The list of reasons to visit Málaga, Spain, is as long as your proverbial arm, but it’s not hard to pinpoint the three most compelling arguments. First, with over 300 days of sunshine each year, you’re guaranteed a strong dose of Vitamin D—whenever you choose to visit.
Second, the high-quality food and drink is enough to spoil anyone, from gastronomes to those new to Spanish cuisine. A glass of wine for three Euros? Seafood fished in the morning, just down the road? Yes, please!
Finally, although Málaga boasts the regional airport for the Costa del Sol, most visitors land and hightail it to nearby resorts. This means Málaga is primarily the domain of domestic tourists and locals, providing you a more authentic experience.
Already searching for tickets? Good. Read on to discover how to make the most of the city, even if all you have is a weekend.
First, select a strategic home base…
First things first: If you’ve only got 48 hours, staying close to the action is key. One option is the AC Hotel Palacio Málaga. Not only is it walking distance to the beach, but it’s also literally steps away from the Málaga Cathedral. The 203-room hotel was recently renovated so expect new, if simple and sleek, fixtures.
Upon arrival, make a beeline for the Atarazanas Market. This central market is filled with fresh produce, meats and seafood for sale—but the best part is the food stalls. Stop by the Bar Marisqueria El Yerno, a restaurant that specializes in seafood. You’ll be spoiled for choice but the smart money is on eating at least one of the giant gambas rojas, or “red shrimp,” that have a lobster-like quality with their succulent, plump meat. To help you digest, visit any of the market stalls for a glass of Málaga Virgen, a local sweet wine made for sipping in the sun.
After fueling up, you’ll be prepared to tour the Alcazaba, a palatial fortress built in the 11th century with gorgeous Moorish-influenced architecture and sweeping vistas. The really ambitious can also take a 15-minute walk uphill to the connected Gibralfaro castle, boasting more panoramic views of the city.
You could also visit Málaga Cathedral, with its intricately carved choir stalls and two organs featuring more than 4,000 pipes. If shopping is on your agenda—especially picking up high-quality, affordable shoes in a country known for them—remember to go on Saturday as most stores close on Sunday.
Once finished with the day’s sightseeing, get a pre-dinner drink and nibbles at El Pimpi, an institution frequented by tourists and Malagueños alike. You could sip wine in the iconic barrel room but, given the prolific sunshine in Málaga, I’d highly recommend a table outside on one of their three patios. Perfect for people-watching.

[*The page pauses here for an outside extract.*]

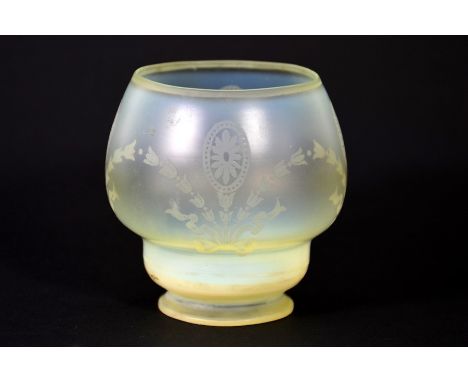 John Walsh Walsh, a small straw opal glass light shade, circa 1908, double ogee form, etched with wreath and medallion design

Nighttime is when Málaga really comes alive. Do as the locals and make a booking at Meson de Cervantes for dinner to start the evening. This cozy restaurant is known for modern twists on the classics. These include blood sausage with sweet potatoes and the most perfectly runny quail’s egg, and flamenquines, or serrano ham wrapped in pieces of pork loin, breaded and deep-fried.

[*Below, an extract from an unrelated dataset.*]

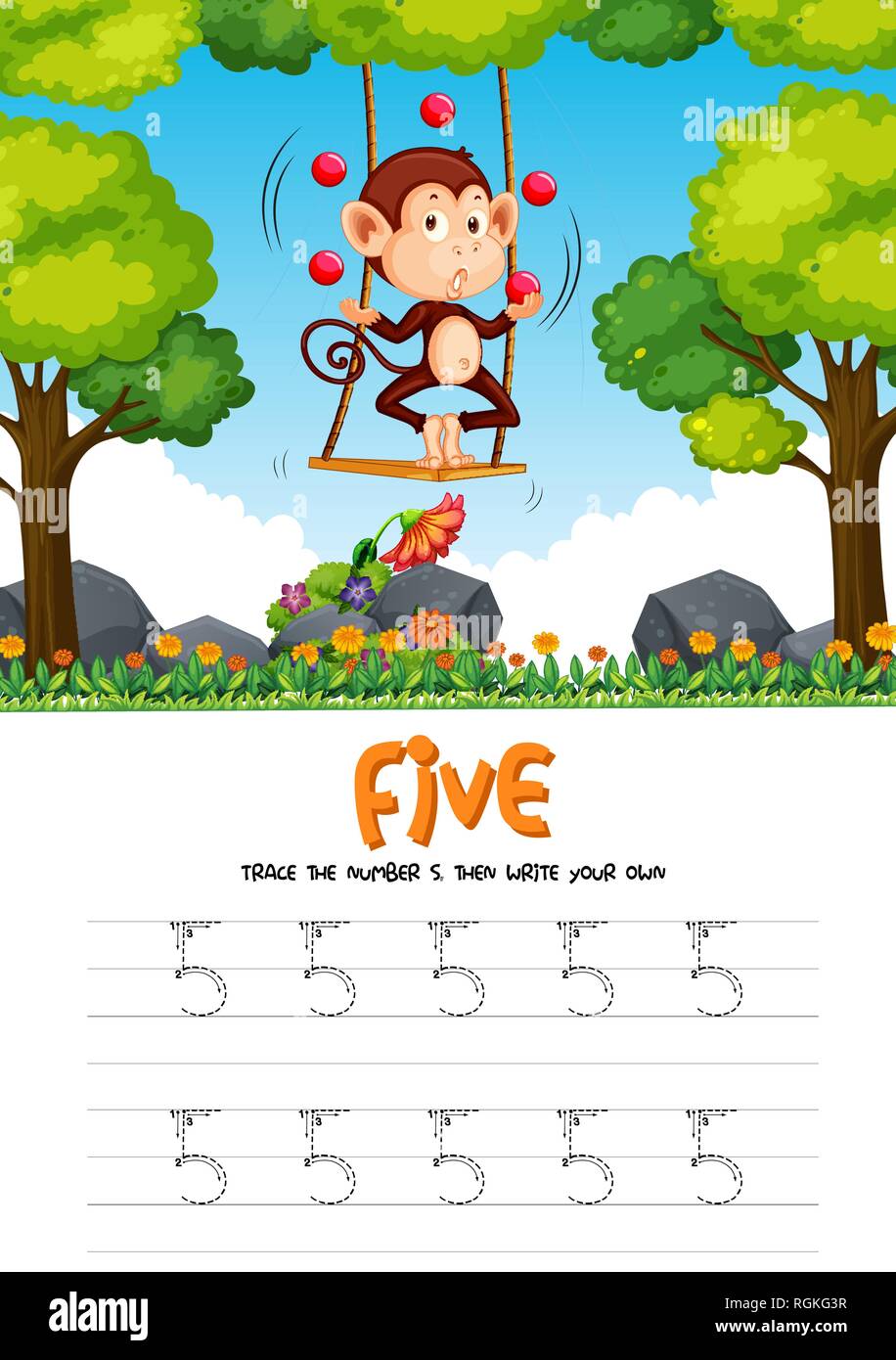 Number five tracing worksheets illustration Stock Vector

Finish off the day by taking in some Andalusian culture at an intimate flamenco show. Try Kelipe Centro de Arte Flamenco. This dance company and school has only a handful of tables so every seat is a great one from which to enjoy the pulsating dances and classical Spanish guitar.
You’ve front-loaded your sightseeing so sleep in a bit and then do as the Malagueños do: Take a long stroll. Head to the Paseo del Muelle Uno, a palm-lined promenade that runs along the Port of Málaga. On Sundays a market pops up with local artisans, perfect for those souvenirs you’d like to take home for yourself or loved ones.
As you pass further east, you’ll come across La Farola, or the lighthouse, built in 1817. A few minutes later you’ll arrive at La Malagueta beach with Chiringuito La Farola, an eatery perfect for feasting on freshly grilled seafood, complete with an oceanfront view.
Another attraction to visit is the Picasso Museum. You may not know that Málaga was the birthplace of Pablo Picasso but the museum does a fine job of paying homage to the local boy. The permanent collection takes visitors through Picasso’s exploration of multiple styles and themes, from cubism to portraiture.
As the light starts to fade, round out your adventure by savoring a drink at Atico, the 15th-floor rooftop bar at the AC Málaga Palacio Hotel. With its 270-degree view of the city, the terrace is a prime location for watching the sunset—and toasting your ingenious decision to pay Málaga a visit.